I increased the drying temp from 60C to 70C and hope that it helps. I dried it for 24h at 60C and put it in there again for 8h at 70C and it lost one more gram again, although I dried it already.

This is a very important point. When drying, there is a big initial spike in humidity that will get picked up by desiccant. As the dry continues and humidity falls, there will be humidity from both the filament and the desiccant to get out of the dryer.

The best way to have desiccant actually be effective in filament drying is to dry the air before it gets admitted to the dryer to purge out the moist air.

at 140f /60c the dessicant should not be releasing it’s moisture. Silica dessicant will remove moisture up to 150F, and won’t release it until 212, when the moisture can effectively boil off. This is why it must be regenerated at higher temps.

Clay dessicant is ineffective above 50c. If you are using clay dessicant, swap to silica

to add to my previous post, when i worked in a lab, we regenerated at 105C

The extruder gears could be slightly lubricated. But not in such a way that there is a layer of grease or even liquid grease where the filament moves directly along. Of course, the filament must remain free of grease. If there is something there, I would remove it and see if there is too much grease in the extruder and remove the excess.

You may be printing too hot for the filament at the print speed you are using. This can create fine threads during printing but also spider webs. Simply try reducing the temperature further and see if the filament can still be printed and the problem improves. And check whether the filament is over-extruding. You may need to reduce the flow (e.g. to 0.90 to 0.94 instead of the normal 0.98).

You’re actually incorrect. It is not a step function where water is released or not. What happens is on a continuum where equilibrium is trying to be established the whole temperature range.
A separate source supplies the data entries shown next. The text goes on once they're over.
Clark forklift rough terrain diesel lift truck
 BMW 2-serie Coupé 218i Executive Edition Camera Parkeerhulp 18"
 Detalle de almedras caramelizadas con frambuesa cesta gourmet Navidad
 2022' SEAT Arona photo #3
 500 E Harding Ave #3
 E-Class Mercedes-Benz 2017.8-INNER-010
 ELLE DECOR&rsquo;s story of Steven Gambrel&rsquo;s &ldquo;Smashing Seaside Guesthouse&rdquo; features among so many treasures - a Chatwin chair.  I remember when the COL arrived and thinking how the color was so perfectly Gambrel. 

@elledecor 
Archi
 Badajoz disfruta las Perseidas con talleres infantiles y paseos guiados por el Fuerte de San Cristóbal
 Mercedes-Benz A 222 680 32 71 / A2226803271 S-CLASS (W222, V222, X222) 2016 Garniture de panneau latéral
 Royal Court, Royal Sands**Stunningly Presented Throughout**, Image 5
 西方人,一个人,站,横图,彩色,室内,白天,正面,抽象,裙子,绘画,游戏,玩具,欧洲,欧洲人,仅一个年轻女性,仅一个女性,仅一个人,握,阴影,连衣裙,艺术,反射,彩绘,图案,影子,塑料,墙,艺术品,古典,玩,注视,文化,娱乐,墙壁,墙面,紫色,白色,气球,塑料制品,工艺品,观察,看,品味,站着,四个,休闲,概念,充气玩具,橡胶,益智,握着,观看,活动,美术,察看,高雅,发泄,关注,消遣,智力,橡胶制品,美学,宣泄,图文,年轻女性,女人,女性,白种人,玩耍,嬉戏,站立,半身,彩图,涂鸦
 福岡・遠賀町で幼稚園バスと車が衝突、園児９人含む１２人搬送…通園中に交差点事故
that’s only true if the dessicant is near it’s saturation point. Fresh dessicant has no issue absorbing at 60c

Sorry, misread your post a bit. Here is a bit more quantified information.
Generally at 140F a fresh batch of silica gel will absorb 7 or 8 grams of H20 per 100 grams of gel.

This means that if you are not getting good drying results, you either have old silica or not enough. I really recommend buying large gun safe silica bags. They are generally 100 grams each. My large drybox has three of them.

Not going to argue with you. You have some misconceptions here.